# [EXERCISE INPUTS]
Start of Block

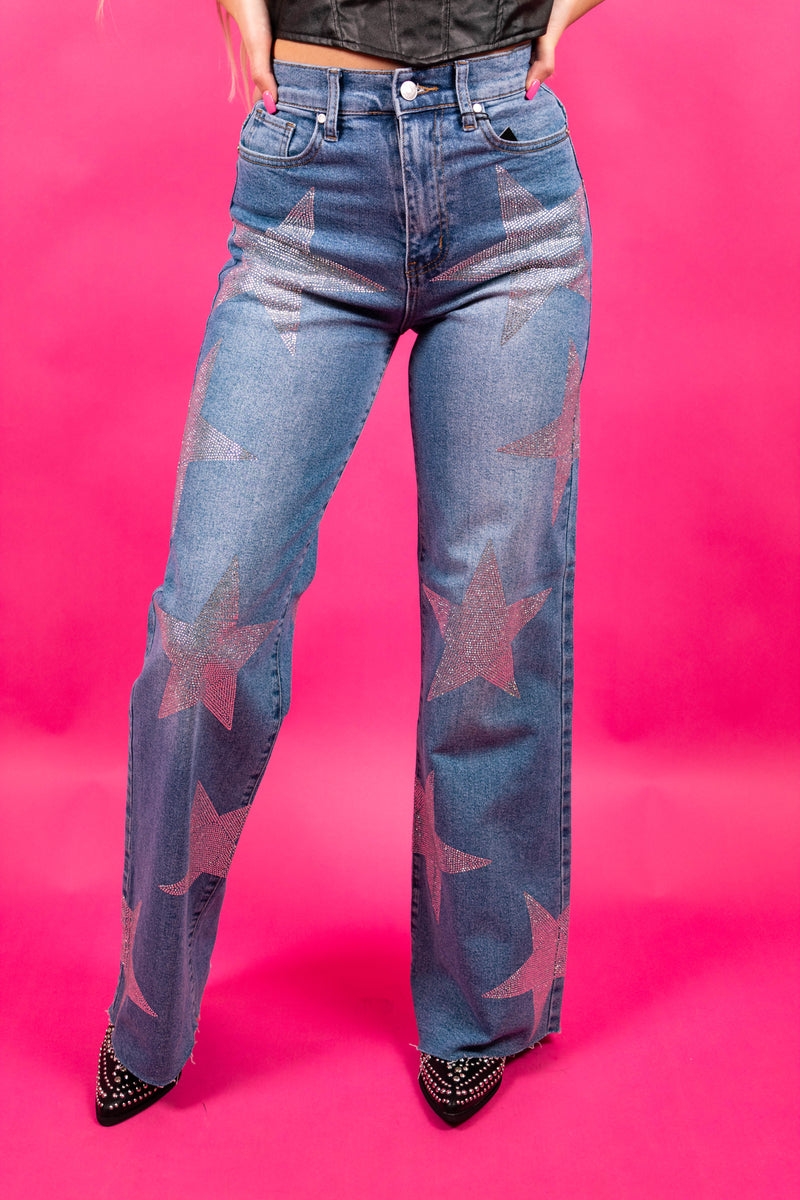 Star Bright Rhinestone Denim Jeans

End of Block
Start of Block

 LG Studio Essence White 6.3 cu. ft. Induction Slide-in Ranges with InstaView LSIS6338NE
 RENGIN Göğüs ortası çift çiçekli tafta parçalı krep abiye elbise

End of Block

# [WHAT IS REQUIRED]
When the line with "LG Studio Essence" is reached in the data above, start copying there, and copy each line exactly until the line with "RENGIN Göğüs ortası" has been copied; copy nothing else.

# [RESPONSE AREA]
 LG Studio Essence White 6.3 cu. ft. Induction Slide-in Ranges with InstaView LSIS6338NE
 RENGIN Göğüs ortası çift çiçekli tafta parçalı krep abiye elbise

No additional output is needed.